The Romeo Theatre Company will present the Broadway production, "9 to 5: The Musical" at the David L. Olson Auditorium from March 27-30.
Adapted from the 1980 movie of the same title, the comedy depicts three female co-workers pushed to the breaking point by their sleazy and arrogant boss, so they hatch a plan to overthrow him and take control of the company.
Kendra Walls, theater instructor and director, said Romeo will be one of the first schools in Michigan to perform the musical, and loves that it has a strong female cast and message.
"This is about empowering yourself, be the best that you can be and you'll get what you deserve," she said.
The music was written by superstar Dolly Parton, who played a lead role in the film. A cast of 47 will perform 18 musical pieces like the "9 to 5" theme song and "Heart to Hart."
"Each character has such a different type of music, it's not like it's the same style of music through the whole show," she said.
Freshman Nick Sienkiewicz plays Franklin Hart Jr., the sexist president of Consolidated Industries. Sienkiewicz said it's fun to play a character that is different from his personality.
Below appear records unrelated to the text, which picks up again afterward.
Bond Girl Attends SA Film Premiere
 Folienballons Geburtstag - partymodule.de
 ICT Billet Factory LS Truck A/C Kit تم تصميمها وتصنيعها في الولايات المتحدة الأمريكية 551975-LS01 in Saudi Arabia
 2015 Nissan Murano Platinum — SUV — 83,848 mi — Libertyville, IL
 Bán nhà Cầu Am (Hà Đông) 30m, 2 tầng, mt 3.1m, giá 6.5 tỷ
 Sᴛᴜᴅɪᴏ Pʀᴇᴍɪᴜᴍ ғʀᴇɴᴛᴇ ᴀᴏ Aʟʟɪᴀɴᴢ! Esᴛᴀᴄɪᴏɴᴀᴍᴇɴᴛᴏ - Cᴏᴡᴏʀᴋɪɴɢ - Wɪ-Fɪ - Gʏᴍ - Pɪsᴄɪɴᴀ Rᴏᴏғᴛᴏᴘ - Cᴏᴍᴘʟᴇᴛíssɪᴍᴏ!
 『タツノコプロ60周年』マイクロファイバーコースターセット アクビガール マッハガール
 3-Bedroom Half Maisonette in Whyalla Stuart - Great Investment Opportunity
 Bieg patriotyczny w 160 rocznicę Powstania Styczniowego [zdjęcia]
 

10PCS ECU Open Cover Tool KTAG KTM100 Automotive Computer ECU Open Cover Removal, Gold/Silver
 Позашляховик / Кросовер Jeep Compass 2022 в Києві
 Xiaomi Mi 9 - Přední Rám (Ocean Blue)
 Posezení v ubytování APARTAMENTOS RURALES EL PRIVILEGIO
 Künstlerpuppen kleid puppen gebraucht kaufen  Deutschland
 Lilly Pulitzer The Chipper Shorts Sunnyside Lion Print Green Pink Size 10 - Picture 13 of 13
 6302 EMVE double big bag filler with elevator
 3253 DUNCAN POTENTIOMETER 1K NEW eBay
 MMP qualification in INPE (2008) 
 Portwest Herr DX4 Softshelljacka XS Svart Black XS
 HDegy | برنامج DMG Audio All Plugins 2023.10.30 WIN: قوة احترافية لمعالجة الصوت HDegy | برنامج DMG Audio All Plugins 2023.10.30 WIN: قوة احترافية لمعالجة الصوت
"It's really getting out of your comfort zone and trying to do something you haven't tried to do before," he said.
The new girl at the company, Judy Bernly, is played by senior Avery Beadle. She said she looks forward to performing a show that older audiences will enjoy while introducing it to younger theater-goers.
"It's a fun change because we've gotten so used to playing to kids, but it's different and sometimes more difficult to play to adults," she said.
Olivia Belfie, a junior, plays Doralee Rhodus, the buxom secretary to Hart who fights off his advances while befriending Bernly.
"I'm typecast<I'm that little girl, that princess every time, and it's kind of fun to get out of that," she said.
Since Parton played Rhodus in the movie, Belfie has worked on a southern accent for the production by studying southern-based shows.
"It's gotten better as I went," she said. "I'm just a sweetheart from Texas."
Rounding out the trio is Violet Newstead, a supervisor played by senior Olivia Brown. Newstead is passed on for promotions despite her knowledge, so Brown said she plays a character who triumphs over oppression.
"We get discriminated against because we're women in the workplace," she said. "My character in the end is like `we have these other lives like taking care of the kids, and we deserve as much credit as anyone else.'"
She expressed contentment at having the role in her last performance with Romeo, saying she will have theater in her life regardless of what she studies after graduation.
"There is no way I could let it go this easily," she said.
Students created an office on a turntable to allow for quick scene changes, while time-period costumes and `70s hairdos will lend to the atmosphere. The cast will work just as quickly as scene changes with multiple costumes to show the passage of time.
"I like them because they're from back then, but there are a lot of them," Sienkiewicz said with a laugh.
The production has been rated PG-13. Walls said there is no foul language, and actions like drinking or drug use are alluded to as opposed to being acted out.
Showtimes are 7 p.m. March 27-28, 8 p.m. on March 29 and 2 p.m. on March 30. Tickets are $10 each for pre-sale and $12 at the door, and are available online at www.showtix4u.com or by calling (586) 281-1154.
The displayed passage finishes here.